If box A of the flowchart performs a test to decide a proposition P, and if A has exits to box B if P is true and box C if P is false, then the user must demonstrate that:

The specifications are true at the exit box(es) when starting at B with the assumption of the specifications plus P, and that the computation always reaches an exit box in a finite computation.
The specifications are true at the exit box(es) when starting at C with the assumption of the specifications plus not P, and that the computation always reaches an exit box in a finite computation.

If a flowchart contains a loop, one must demonstrate that, for all inputs satisfying the specifications, the following criteria are met:

The specs are true on exit from the loop.
Given the following assumptions at the loop exit:

The specifications.
The results of computations in the loop.
The conditions for exit from the loop.

The flowchart computation reaches an exit box in finite time and the specifications are true when reaching the exit box.

6.6 Functionally Modeled Expert Systems

6.6.1 Introduction
As discussed in the chapter on partitioning without expert knowledge (see Chapter 5), an expert system can be thought of as a function. A function maps sets of inputs (information the expert system receives from the user or other external sources) into a set of outputs reflecting actions taken and conclusions inferred by the expert system. Ideally, the function that an expert system represents is that which maps each set of problem inputs into the set of actions and inferences that an expert would make given those inputs. The expert system will be said to implement this function, and the function will be said to model the expert system with the understanding that an expert system only approximates the behavior of an expert.
Some functions are built from simpler functions with operations such as (function) composition or Cartesian product (operations discussed in more detail below). Sometimes, because of domain knowledge, the expert system should represent a function that is constructed from simpler functions. If that is the case, the structure of the function provides the knowledge engineer with tools for structuring and partitioning an expert system.
More particularly, the operations of Cartesian product and function composition in the category of functions are of particular importance in modeling expert systems. Let E be an expert system such that the output of E involves setting variables O1,...,On such that the values of the O's are independent of each other. Then E implements the Cartesian product of functions fi such that Oi = fi(Ii), where Ii is a subset of the inputs of the entire expert system found by computing the dependency relation (see Chapter 5 on partitioning without expert knowledge) starting with Oi.
If one of the fi is a composition of functions, e.g.

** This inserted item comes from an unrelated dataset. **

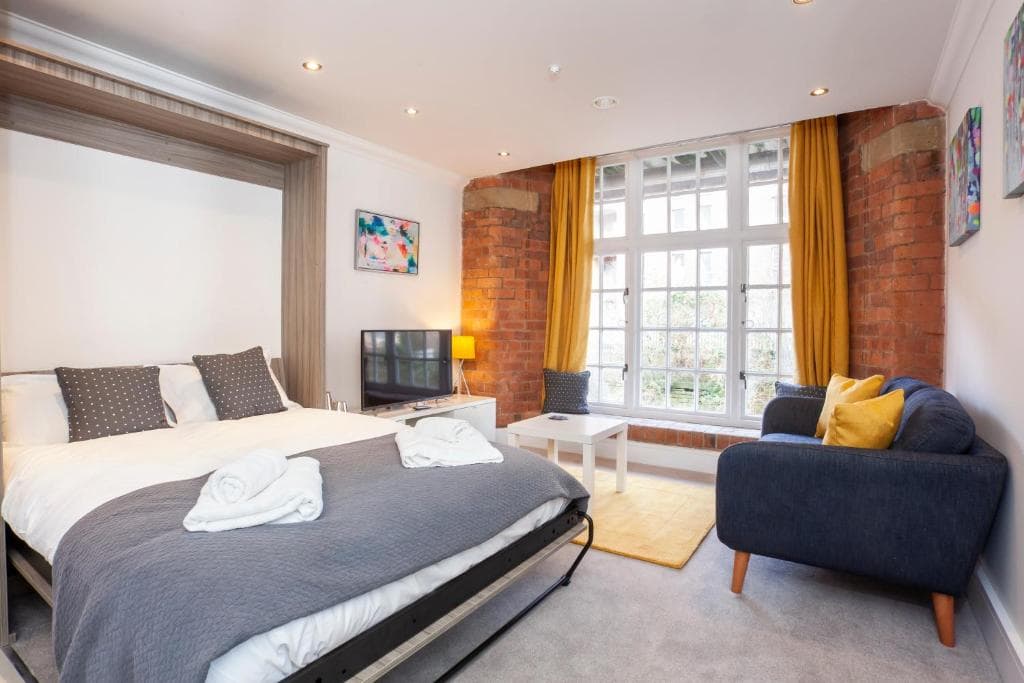 Accommodation at Cocoa Suites Luxury Apartments in york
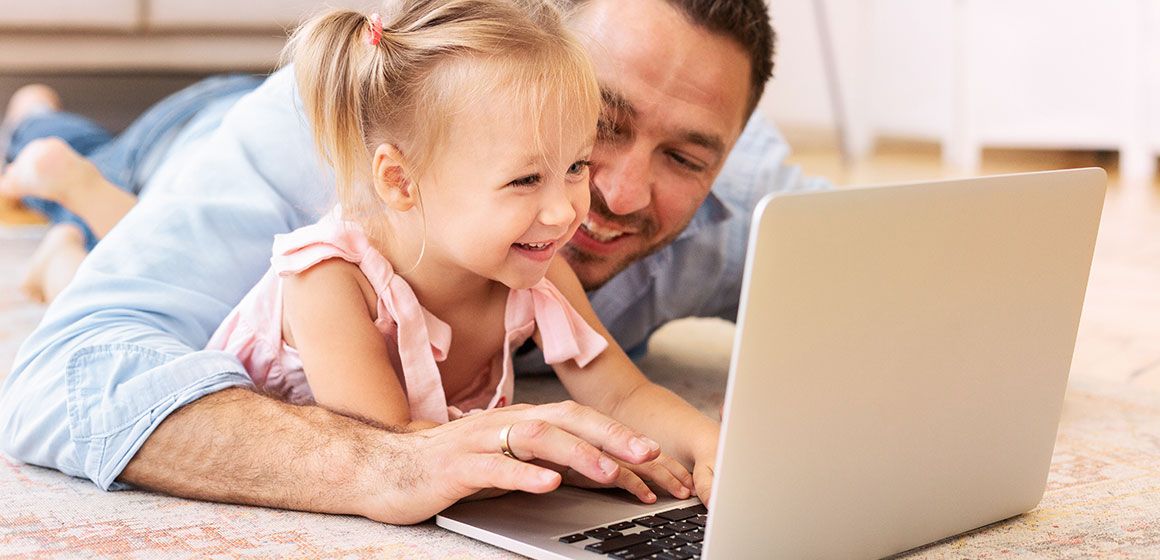 Fremtidens barnehage - Barn og voksen ser på laptop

fi = h( g1(Ii), ..., gm(Ii))

then using the same techniques of Chapter 5, one can find subsystems of the original expert system that implement the g's and h can be found.
As discussed in more detail below, if the expert subsystems are complete, consistent and satisfy specifications, and if there is consistency and specification satisfaction among independently chosen possible values of Cartesian component subsystems, the entire expert system is complete, consistent and satisfies specifications.
Note that this does not mean that completeness, consistency and specifications satisfaction of arbitrary subsets of an expert system imply corresponding results about systems as a whole. The subsets must be those that implement functions used to construct the function that models the expert system, and certain additional requirements among the outputs of component systems must be met.
Expert knowledge is generally of great benefit in identifying:

Independent outputs that can be used to decompose an expert system into a product of expert systems.
Intermediate hypotheses that are functions of the problem inputs but are themselves inputs to a later function that produces some or all of the outputs of the system as a whole.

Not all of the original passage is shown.